►

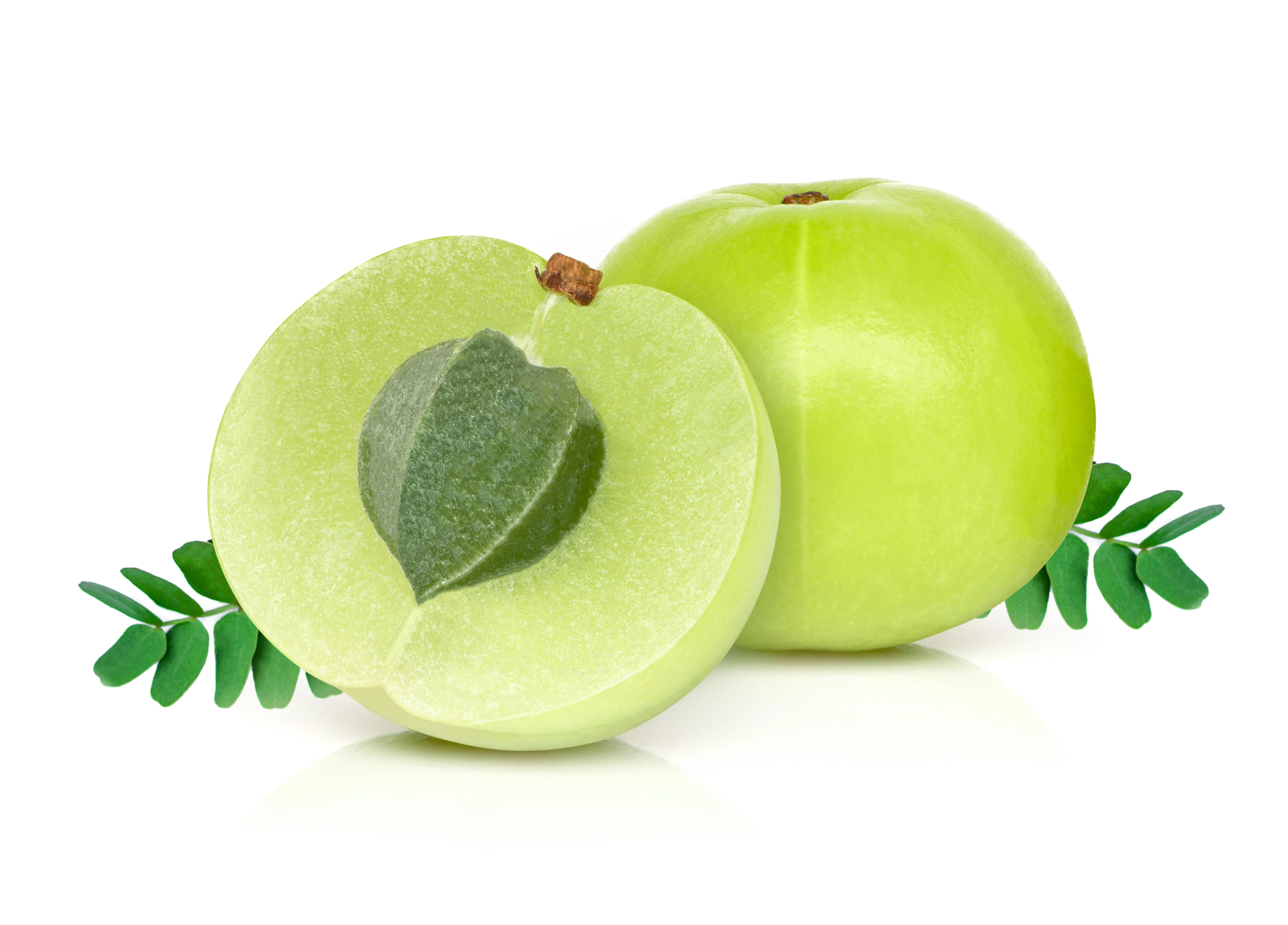 10 INDIAN GOOSEBERRY Phyllanthus Emblica Emblic Edible Fruit Tree Seeds - Image 9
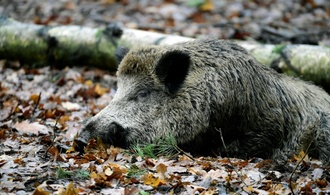 Anhänger mit acht Wildschweinkadavern auf Wanderparkplatz: Polizei ermittelt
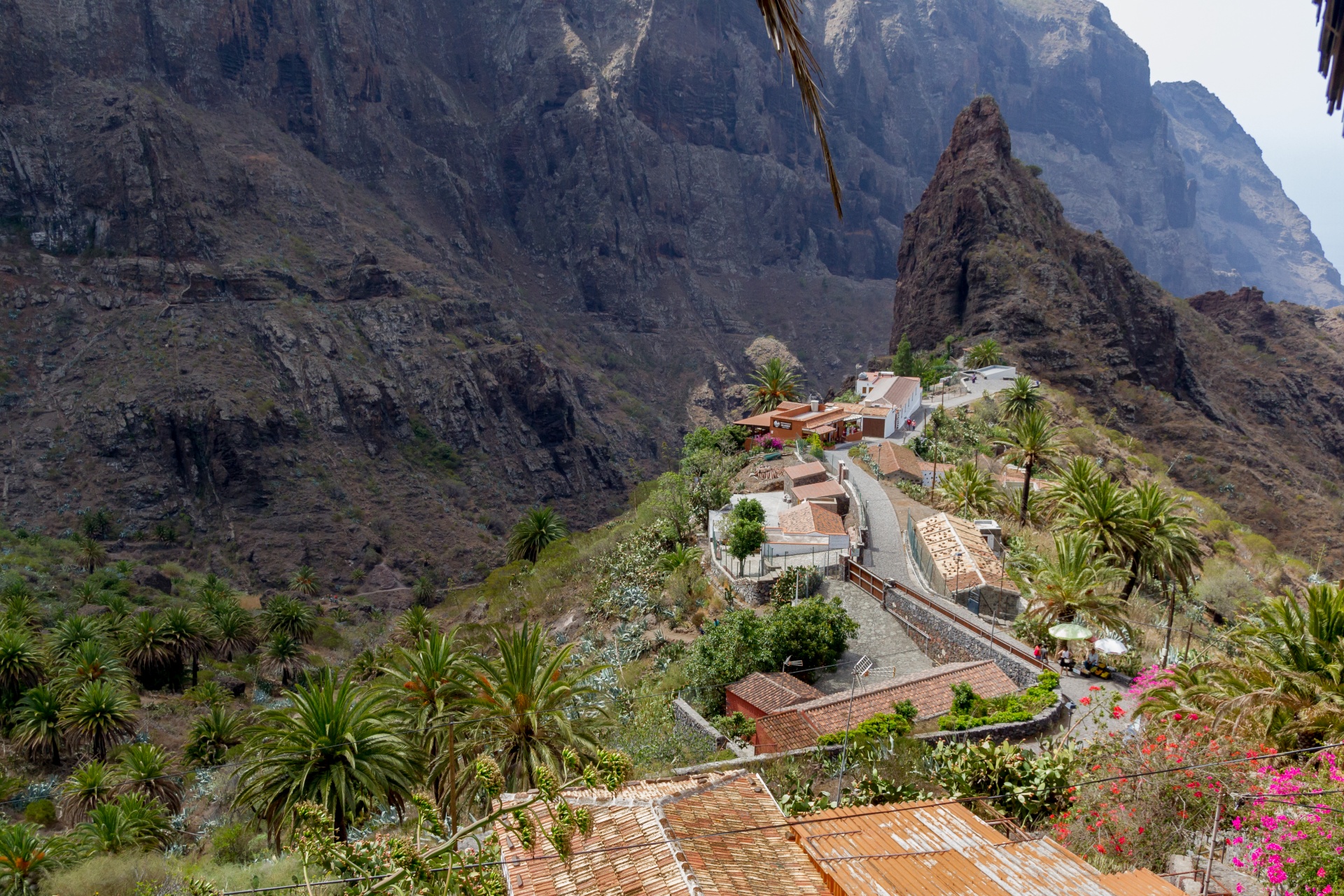 canary islands spain tenerife free photo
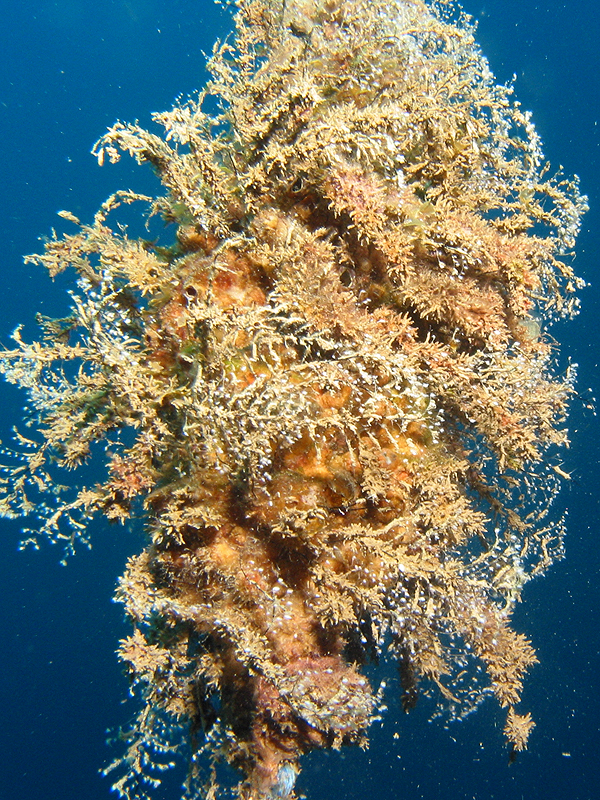 Roraïma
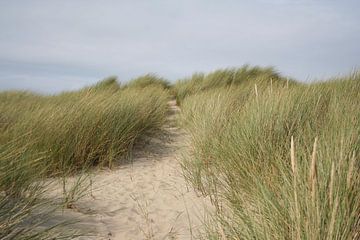 Zeeland duinen van Lisa Hartjes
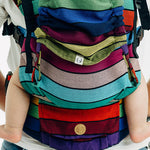 LennyLamb Carouselofcolors LennyUpGrade Pro Lnnupgrd Pro Crsl Clrs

◄

◆ Activity: Please restate all of the listing above word for word, with no pictures.

◆ Output for this task:
 10 INDIAN GOOSEBERRY Phyllanthus Emblica Emblic Edible Fruit Tree Seeds - Image 9
 Anhänger mit acht Wildschweinkadavern auf Wanderparkplatz: Polizei ermittelt
 canary islands spain tenerife free photo
 Roraïma
 Zeeland duinen van Lisa Hartjes
 LennyLamb Carouselofcolors LennyUpGrade Pro Lnnupgrd Pro Crsl Clrs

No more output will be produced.